The location of the original 1932-1933 excavation.
The location of the original 1932-1933 excavation.
The Dent Site is one of the few places in North America that shows direct evidence of human and mammoth interaction during the Ice Age nearly 13,000 years ago. Find out more about the site's history here!
The Dent Site gets its namesake from its proximity to the Dent Railroad Depot, which has since been demolished. The depot provided storage and maintenance for the rail line in the area. The rail line was unknowingly constructed on the eroded Ice Age terrace remnants in the floodplain of the Platte River. In April 1932, heavy rains exposed the bones of a large animal which was noticed by Frank Garner, the railroad foreman. It was not long before news of the find reached Conrad Bilgery, a geology professor and Jesuit priest from Regis University in Denver. Bilgery conducted some excavations of the site, identified the bones as belonging to a mammoth before contacting Jesse Figgins, the paleontology curator at the Colorado Museum of Natural History.
Numerous excavations since the 1930s found evidence of at least 15 mammoths along with three Clovis stone tools. Evidence shows that this mammoth group was most likely a matriarchal family herd because the group consisted of an older adult female, four younger adult females, four adolescents, and four juveniles and infants. These bones were also found with cut and chop marks that were most likely made between when the animals were freshly killed and up to several weeks after death. The season of death was found to be in late fall to early winter, in which the meat was preserved due to the cool or freezing temperatures. However, more recent research on these artifacts is hampered due to the early dispersal of the original collection to various museums around the country.
In 1963, scientists began attempting to radiocarbon date the mammoth bones found at the site.
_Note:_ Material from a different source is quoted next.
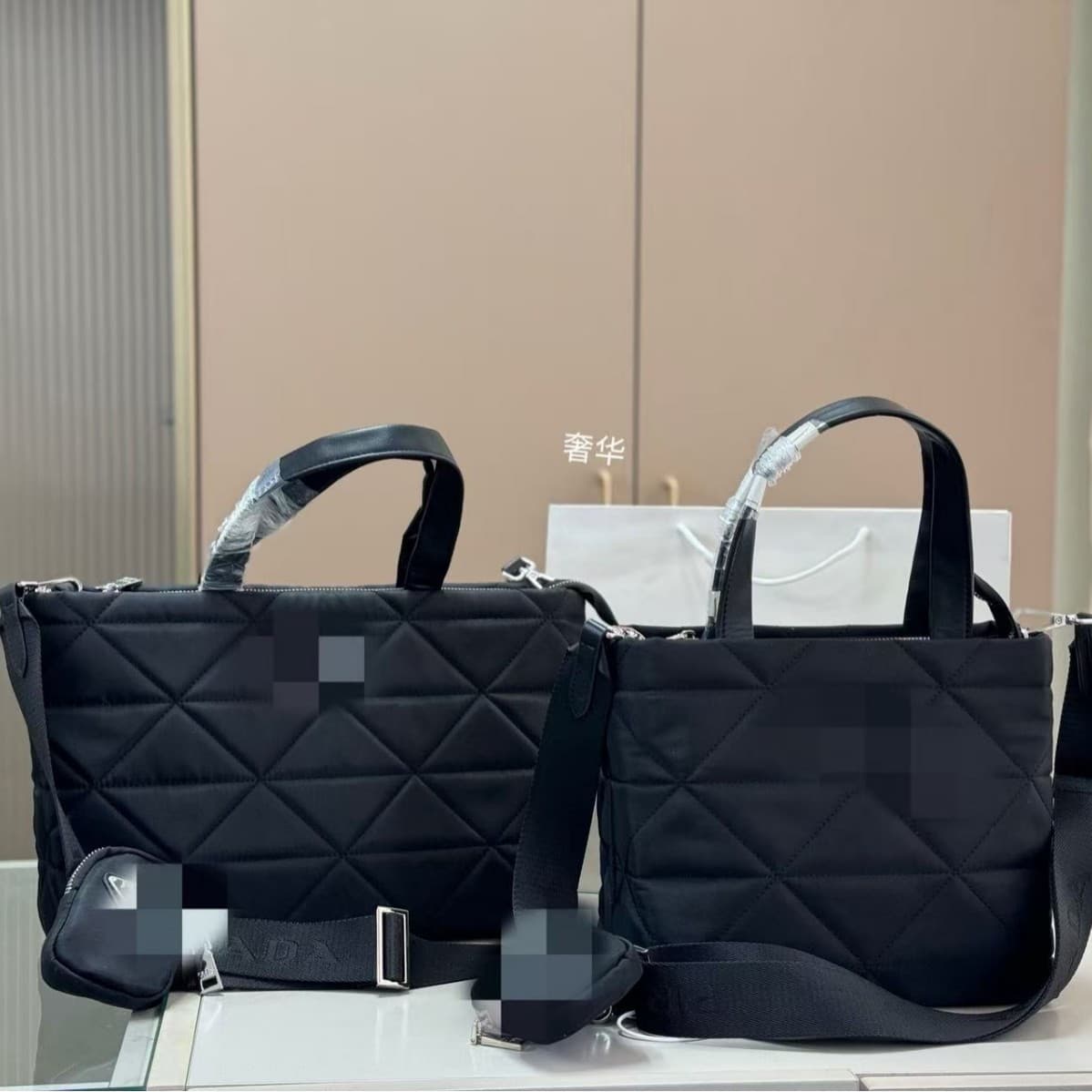 Prada Unisex New Nylon Diamond Quilted Tote Bag Shoulder Crossbody Bag Fashion Commuter Laptop Bag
Research at the actual Dent Site resumed in 1973. Students from the University of Colorado and University of Arizona were supposed to further excavate the site but geological studies found that the rest of the bones were located under the adjacent active railroad tracks.
New scientific techniques now allow archaeologists to find more accurate radiocarbon dates and create better theories about what happened at the Dent site. For example, one 1991 study compiled all previous radiocarbon dates and tested them for accuracy. They found a consistent date of about 11,000 radiocarbon years before present (~9000BCE). In 2006, researchers conducted a more accurate radiocarbon test and pushed the date further back to over 12,500 years before present.
In addition, archaeologists continue to present new information based on new scientific techniques. In 2014, Brunswig and Pitblado published Frontiers in Colorado Paleoindian Archaeology, where they summarized this new evidence. In the modern day, most archaeologists agree that: humans killed and butchered mammoths at the site, though they disagree about the strength of the evidence.
The site is currently in danger due to development from the nearby town of Milliken, CO. This website is meant to educate the public on the site and draw attention to it in hopes that it will be preserved and researched to better understand Colorado history.